- **Task objective**
Leaving out the pictures, return word for word the stretch of entries below from the line holding "Hi, you guys." through the line holding "NEO delivers a".

- **Records shown**
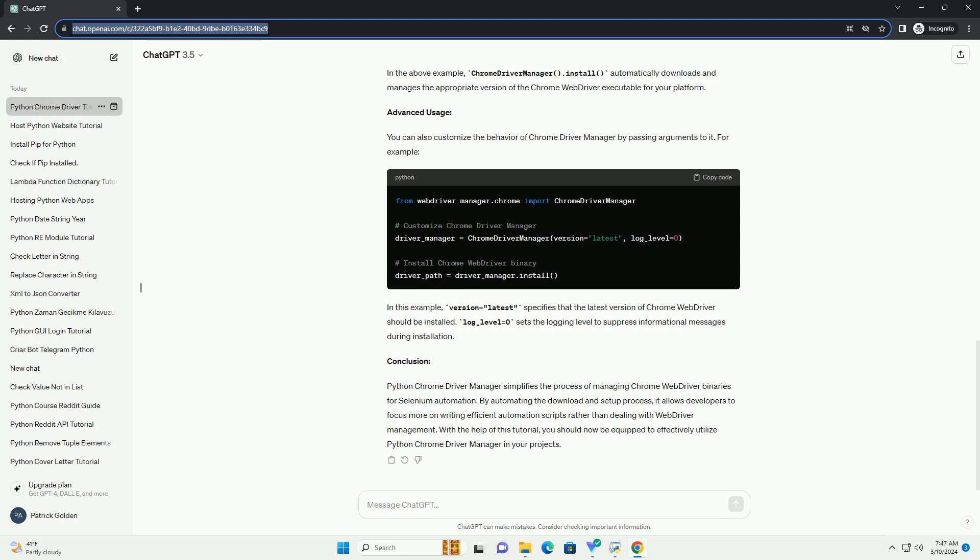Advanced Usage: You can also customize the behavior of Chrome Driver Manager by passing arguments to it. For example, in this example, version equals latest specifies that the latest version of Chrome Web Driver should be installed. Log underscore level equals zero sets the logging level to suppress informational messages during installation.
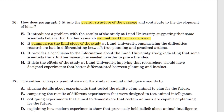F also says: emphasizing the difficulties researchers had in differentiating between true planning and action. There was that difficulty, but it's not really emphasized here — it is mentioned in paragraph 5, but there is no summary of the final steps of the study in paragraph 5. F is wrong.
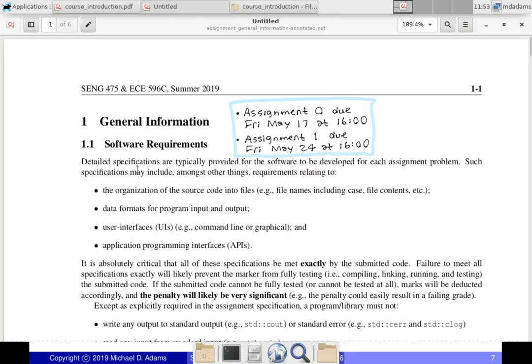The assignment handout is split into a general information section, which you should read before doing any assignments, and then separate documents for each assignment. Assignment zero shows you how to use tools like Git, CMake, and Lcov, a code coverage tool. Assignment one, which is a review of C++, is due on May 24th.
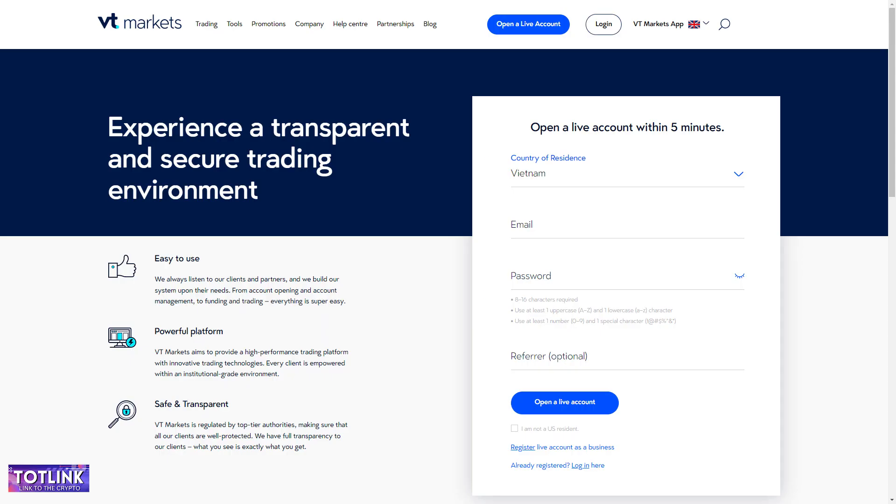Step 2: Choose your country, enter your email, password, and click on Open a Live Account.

==

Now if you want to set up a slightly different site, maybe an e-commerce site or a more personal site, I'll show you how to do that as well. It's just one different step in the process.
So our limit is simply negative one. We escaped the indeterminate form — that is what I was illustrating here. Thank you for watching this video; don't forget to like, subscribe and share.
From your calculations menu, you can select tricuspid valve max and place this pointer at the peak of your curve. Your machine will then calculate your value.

==

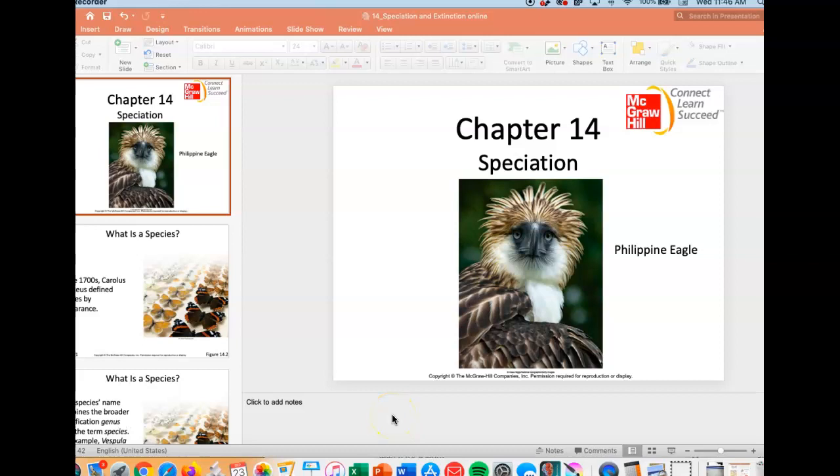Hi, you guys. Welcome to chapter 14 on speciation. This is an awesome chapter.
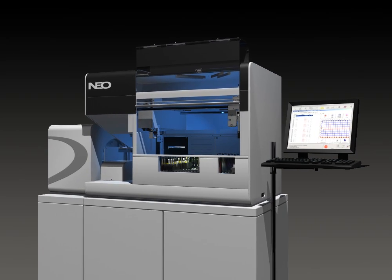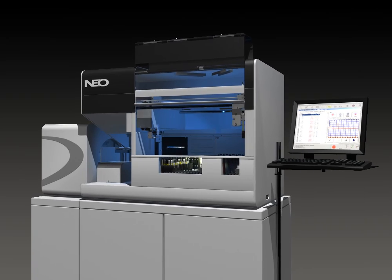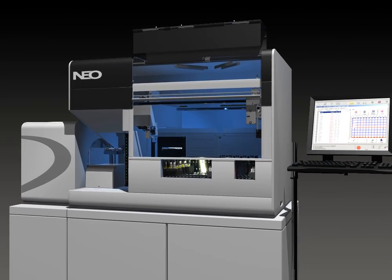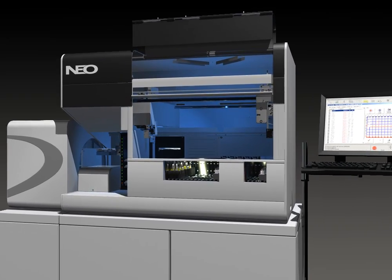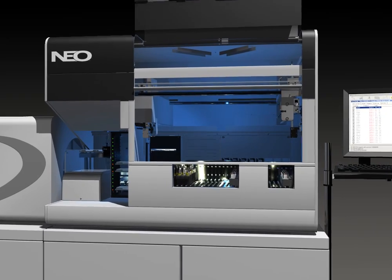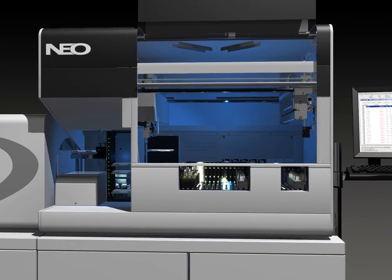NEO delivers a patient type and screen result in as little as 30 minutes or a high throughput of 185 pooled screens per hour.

- **Finished task**
Hi, you guys. Welcome to chapter 14 on speciation. This is an awesome chapter.
NEO delivers a patient type and screen result in as little as 30 minutes or a high throughput of 185 pooled screens per hour.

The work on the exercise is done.